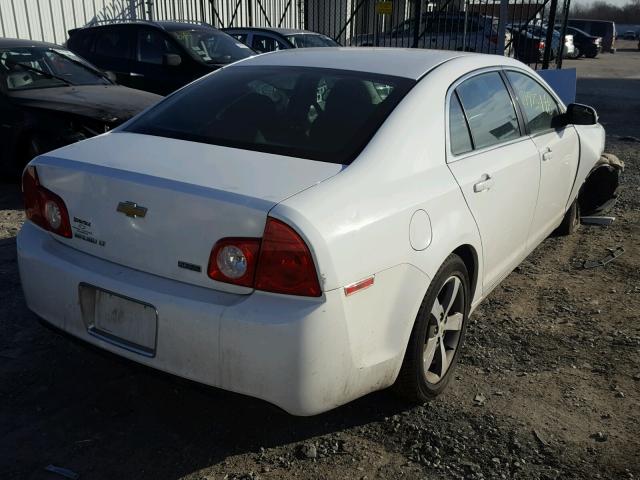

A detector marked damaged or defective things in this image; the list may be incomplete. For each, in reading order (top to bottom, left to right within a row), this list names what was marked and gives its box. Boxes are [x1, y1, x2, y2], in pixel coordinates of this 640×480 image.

damaged car [0, 38, 160, 178]
damaged car [18, 49, 620, 416]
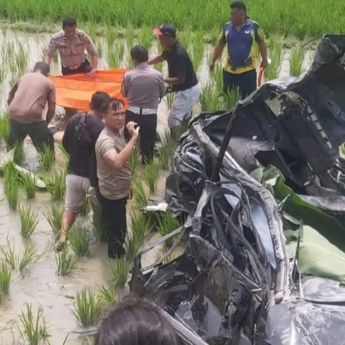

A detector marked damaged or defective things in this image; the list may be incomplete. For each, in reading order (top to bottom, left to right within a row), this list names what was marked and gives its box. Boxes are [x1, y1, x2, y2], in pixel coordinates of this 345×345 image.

crumpled car wreck [130, 35, 345, 344]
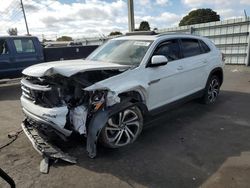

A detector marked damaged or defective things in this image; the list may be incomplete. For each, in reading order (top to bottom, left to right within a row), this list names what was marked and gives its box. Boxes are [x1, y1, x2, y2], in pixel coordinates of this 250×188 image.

crumpled hood [22, 58, 131, 76]
damaged front end [20, 70, 123, 159]
detached bumper piece [21, 119, 76, 173]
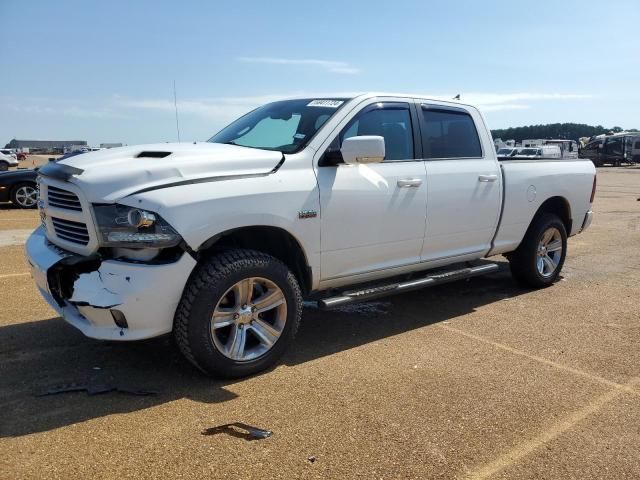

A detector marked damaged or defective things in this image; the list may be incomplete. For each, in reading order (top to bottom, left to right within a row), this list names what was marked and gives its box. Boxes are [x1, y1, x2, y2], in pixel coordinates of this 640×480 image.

broken headlight [94, 203, 181, 248]
damaged front bumper [25, 226, 196, 342]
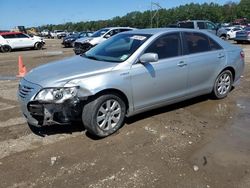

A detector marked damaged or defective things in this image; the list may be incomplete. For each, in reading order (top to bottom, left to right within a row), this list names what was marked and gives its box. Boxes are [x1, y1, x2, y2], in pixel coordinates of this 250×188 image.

cracked headlight [34, 86, 78, 103]
front bumper damage [27, 97, 82, 126]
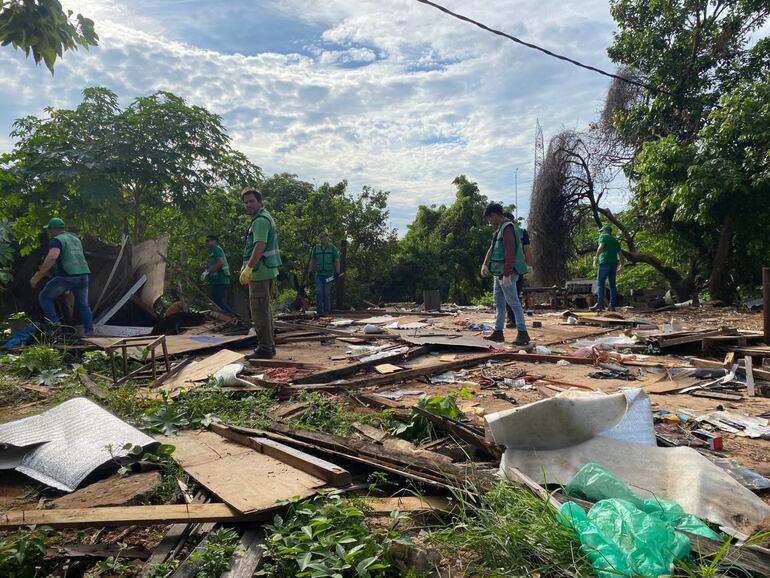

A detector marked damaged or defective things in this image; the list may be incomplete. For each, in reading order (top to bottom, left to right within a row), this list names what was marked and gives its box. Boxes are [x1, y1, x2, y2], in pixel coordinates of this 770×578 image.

→ Work instructions: No pictures belong in the answer. It must repeat exactly the lines from the line with "this 345×345 image." through the final line of the records.

→ Response for this exercise:
A detector marked damaged or defective things in this image; the list may be incomplete. For each, in reading order (top to bottom, left to right within a row), this list names what was marked and gives its box. Boxes are [x1, y1, x2, y2], in pixel coordinates of this 345×345 image.

crumpled car wreck [130, 35, 345, 344]

A detector marked damaged or defective things in this image; the list may be incomplete. For each, in reading order (top to bottom, left to right within a row), this list names what was marked and gives its box. Boxes are [x1, y1, x2, y2], in pixel coordinates of this 250×188 image.

crumpled hood [22, 58, 131, 76]
damaged front end [20, 70, 123, 159]
detached bumper piece [21, 119, 76, 173]

A detector marked damaged or defective things in this image; the list may be incomplete. For each, in reading order (top to bottom, left to right within a row), this list names what was marked and gives its box. Boxes are [x1, y1, x2, y2], in pixel coordinates of this 640×480 image.

broken headlight [94, 203, 181, 248]
damaged front bumper [25, 226, 196, 342]

A detector marked damaged or defective things in this image; the list may be incomplete. For each, in reading order (top to bottom, left to right within a row), this list names what was marked and gives its box. Boxes are [x1, y1, x2, y2], in pixel coordinates of this 250×188 image.

cracked headlight [34, 86, 78, 103]
front bumper damage [27, 97, 82, 126]

A detector marked damaged or defective things in this image; the list may be incomplete. For each, in reading order (top to bottom, left to right within a row), this list names what was marked and gives its box. Boxes are [x1, y1, x2, y2], in pixel coordinates of this 770×578 image.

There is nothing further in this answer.